Information on models, schema, and databases are extracted in a bottom-up approach. The DatabaseHandler cannot extract low-level information, e.g. ORM models, when high-level objects, e.g. a database connection, are provided. For example, here we pass in only the sdss5db database connection.

>>> # pass in the sdss5db database connection
>>> from sdssdb.peewee.sdss5db import database
>>> d = DatabaseHandler(database)
>>> d
<DatabaseHandler (orm="peewee", db="sdss5db")>

No information on ORM models or schema has been extracted.

>>> d.model, d.schema, d.models
(None, None, None)

We can post-load schema or models using the load_schema and load_model methods. Let’s load the sdss5 database targetdb schema.

>>> # Load the targetdb schema
>>> d.load_schema('targetdb')
>>> d
<DatabaseHandler (orm="peewee", schema="sdss5db.targetdb", db="sdss5db")>

>>> # access a model
>>> d.models.Instrument
<Model: Instrument>

Now we have access to all the ORM models on the “targetdb” schema. We can also load individual models.

>>> # load the Field ORM
>>> d.load_model('Field')
>>> d
<DatabaseHandler (orm="peewee", model="Field", schema="sdss5db.targetdb", db="sdss5db")>

>>> d.model
<Model: Field>

Using the handler in a Tool

Once you’ve attached a database object to a tool, you have full access to that object through the DatabaseHandler to perform queries. Remember that you must override the _load_object_from_db method with logic instructing the tool with what to do with the database object.

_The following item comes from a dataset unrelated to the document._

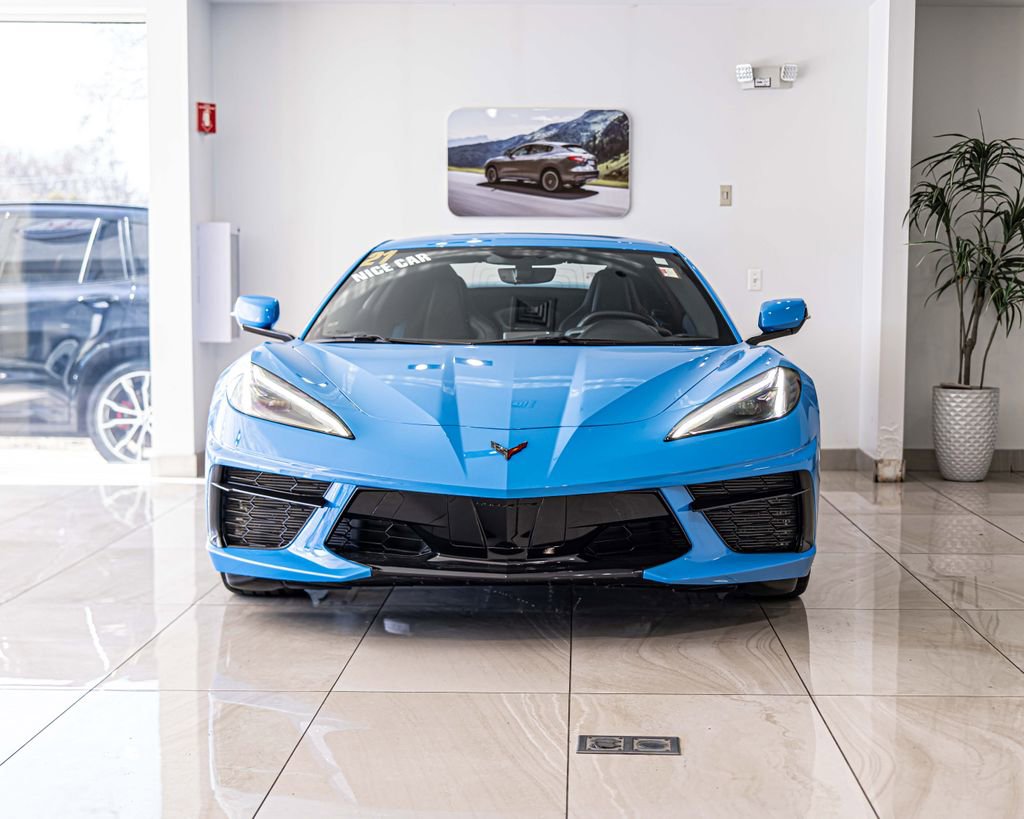 Used 2021 Chevrolet Corvette Stingray Convertible w/ 1LT image 3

Let’s see an example on the MangaCube tool after we’ve attached the datadb.Cube ORM model.

from sdssdb.sqlalchemy.mangadb import datadb

class MangaCube(Brain):
    _db = datadb.Cube

    def _load_object_from_db(self):
        # make a database call to retrieve the first Cube row
        self.data = self.db.session.query(self.db.model).join(self.db.models.IFUDesign).\
        filter(self.db.model.plateifu == self.plateifu).first()

In the above example, we use the handler to perform a sqlalchemy query to retrieve the first row from the cube database table that matches the tool’s plateifu attribute, joining to another table available in the datadb schema. For a more complete example, see the MangaCube tool.